4.9 KiB
4.9 KiB
| name | description |
|---|---|
| verification | Use when verifying replication results against paper's reported values |
Replication Verification
Overview
Systematic approach to verifying that replicated code produces results matching the original paper.
Announce at start: "I'm using the verification skill to validate replication accuracy."
Verification Levels
Level 1: Code Correctness
- Unit tests pass
- No runtime errors
- Gradient flow works
Level 2: Behavioral Match
- Output shapes correct
- Value ranges reasonable
- Edge cases handled
Level 3: Numerical Match
- Results within tolerance of paper
- Trends match (even if absolute values differ)
- Statistical significance considered
Test Design for Replication
Shape Tests
def test_model_output_shape():
"""Verify model produces correct output shape per paper."""
model = MyModel(config)
x = torch.randn(batch_size, seq_len, input_dim)
out = model(x)
# Paper Section 3.2: "Output dimension is 512"
assert out.shape == (batch_size, seq_len, 512)
Value Range Tests
def test_attention_weights_sum():
"""Attention weights should sum to 1 (paper Eq. 3)."""
model = AttentionLayer(config)
x = torch.randn(batch_size, seq_len, dim)
_, attn_weights = model(x, return_attention=True)
# Softmax output sums to 1
assert torch.allclose(attn_weights.sum(dim=-1), torch.ones(batch_size, seq_len))
Gradient Tests
def test_gradient_flow():
"""Verify gradients flow through all parameters."""
model = MyModel(config)
x = torch.randn(batch_size, input_dim, requires_grad=True)
out = model(x)
loss = out.sum()
loss.backward()
for name, param in model.named_parameters():
assert param.grad is not None, f"No gradient for {name}"
assert not torch.isnan(param.grad).any(), f"NaN gradient for {name}"
Numerical Match Tests
def test_loss_value_reasonable():
"""Loss should be in expected range per paper Figure 2."""
model = MyModel(config)
# ... setup ...
loss = compute_loss(model, data)
# Paper reports initial loss ~2.3 (cross-entropy on 10 classes)

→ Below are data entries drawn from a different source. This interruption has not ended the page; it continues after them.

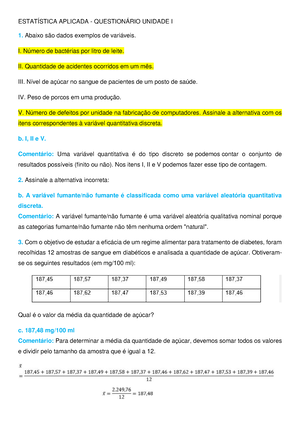 Questionário Unidade I Estatística Aplicada - Revisar Envio Do Teste ...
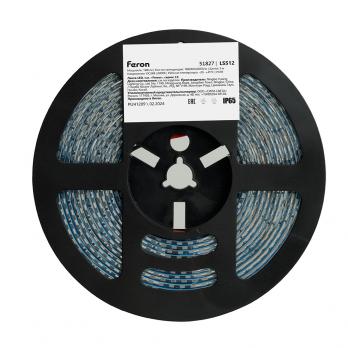 Светодиодная LED лента Feron LS512, 180SMD(2835)/м 16Вт/м 24V 5000*10*2.3мм 6000К IP65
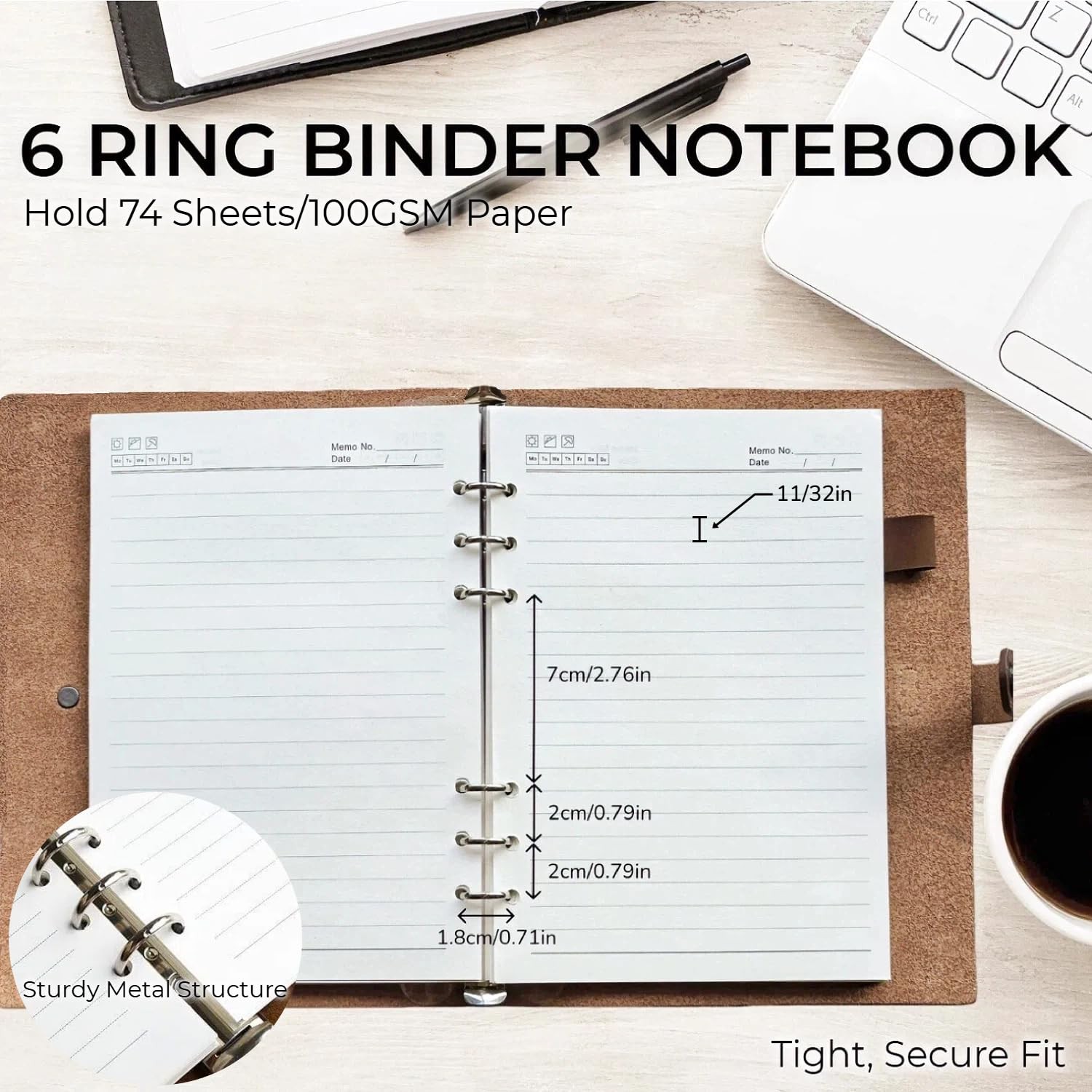 Refillable A5 Leather Binder Journal Soft Cover Notebook, Vintage Coffee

assert 2.0 < loss.item() < 3.0, f"Initial loss {loss.item()} outside expected range"
Comparison Methodology
Absolute Comparison
def compare_absolute(paper_value: float, our_value: float, tolerance: float = 0.01):
"""Compare with absolute tolerance."""
diff = abs(paper_value - our_value)
return diff <= tolerance, diff
Relative Comparison
def compare_relative(paper_value: float, our_value: float, tolerance: float = 0.05):
"""Compare with relative tolerance (5% default)."""
if paper_value == 0:
return our_value == 0, abs(our_value)
relative_diff = abs(paper_value - our_value) / abs(paper_value)
return relative_diff <= tolerance, relative_diff
Statistical Comparison
def compare_with_variance(
paper_mean: float,
paper_std: float,
our_values: List[float],
confidence: float = 0.95,
):
"""Compare considering paper's reported variance."""
our_mean = np.mean(our_values)
our_std = np.std(our_values)
# Check if means are within 2 standard deviations
combined_std = np.sqrt(paper_std**2 + our_std**2)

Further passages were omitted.